Given data:
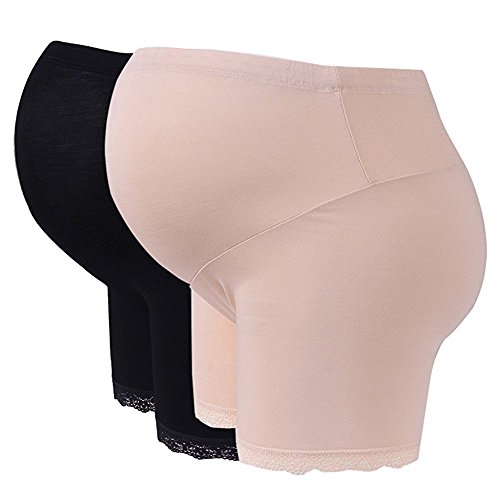 BOZEVON Pack de 2 Pantalones Cortos de Ropa Interior de la Cintura Embarazada cómodo Pantalones de Maternidad Modales de algodón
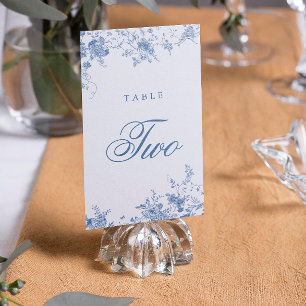 Numeração De Mesa Verdadeiro francês Vintage Blue Floral Jouy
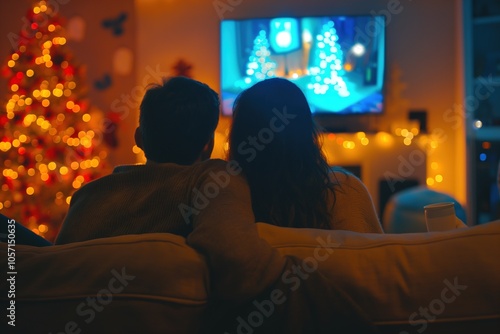 Family enjoying holiday movie night in a bright living room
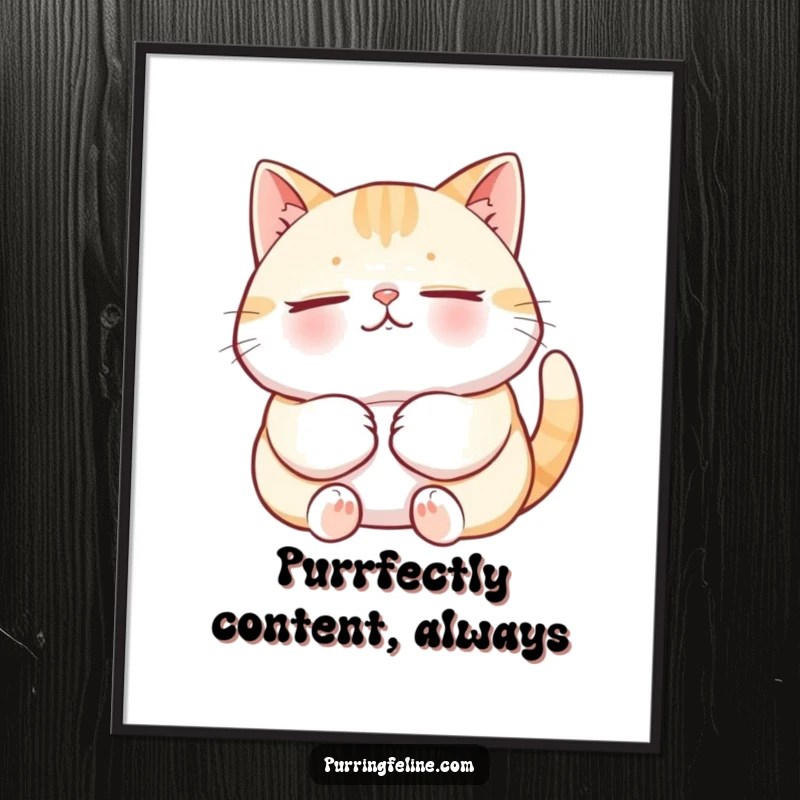 Funny Free Printable Wall Art: A content cat is purring deeply, eyes closed, exuding ultimate relaxation and humor.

Work item: Print all the lines above exactly as they are, but without the pictures.

Written solution:
 BOZEVON Pack de 2 Pantalones Cortos de Ropa Interior de la Cintura Embarazada cómodo Pantalones de Maternidad Modales de algodón
 Numeração De Mesa Verdadeiro francês Vintage Blue Floral Jouy
 Family enjoying holiday movie night in a bright living room
 Funny Free Printable Wall Art: A content cat is purring deeply, eyes closed, exuding ultimate relaxation and humor.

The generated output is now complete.